Gitta Landau
La pietra d’inciampo Gitta Landau ricorda a Francoforte Gitta Frimmet Landau, nata Gusta Wrublewsky a Radomsk, in Polonia. Il piccolo memoriale è inserito nel marciapiede cittadino.
Gitta era figlia di Fanny e Siegmund Wrublewsky e apparteneva a una famiglia con numerosi figli. Dopo la morte del marito, rimase con i suoi figli. La persecuzione nazista cambiò la loro vita e separò la famiglia attraverso fughe, emigrazione, deportazione ed esilio.
Lena raggiunse il Venezuela passando dalla Gran Bretagna. Wolf emigrò a Shanghai e visse poi negli Stati Uniti come persona apolide. Toni nacque a Francoforte e frequentò la scuola elementare ebraica. La persecuzione le impedì di trovare un apprendistato, mentre lavorava in un convitto e imparava a cucinare.

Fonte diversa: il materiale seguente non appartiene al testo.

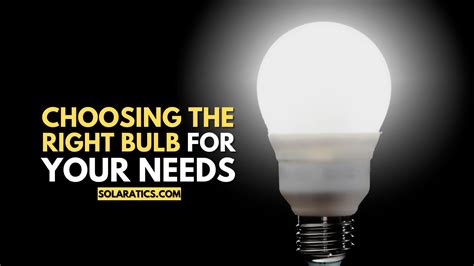 Choose the Right Bulb:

L’ultima residenza nota era in Vilbeler Straße 27. Gitta e Toni furono deportate nella regione di Lublino, dove morirono durante l’Olocausto. Il memoriale appartiene al progetto Stolpersteine, dedicato alle persone perseguitate dal nazismo. Queste pietre segnano le ultime abitazioni volontarie conosciute delle vittime. La pietra mantiene visibile la memoria di Gitta e Toni nello spazio urbano.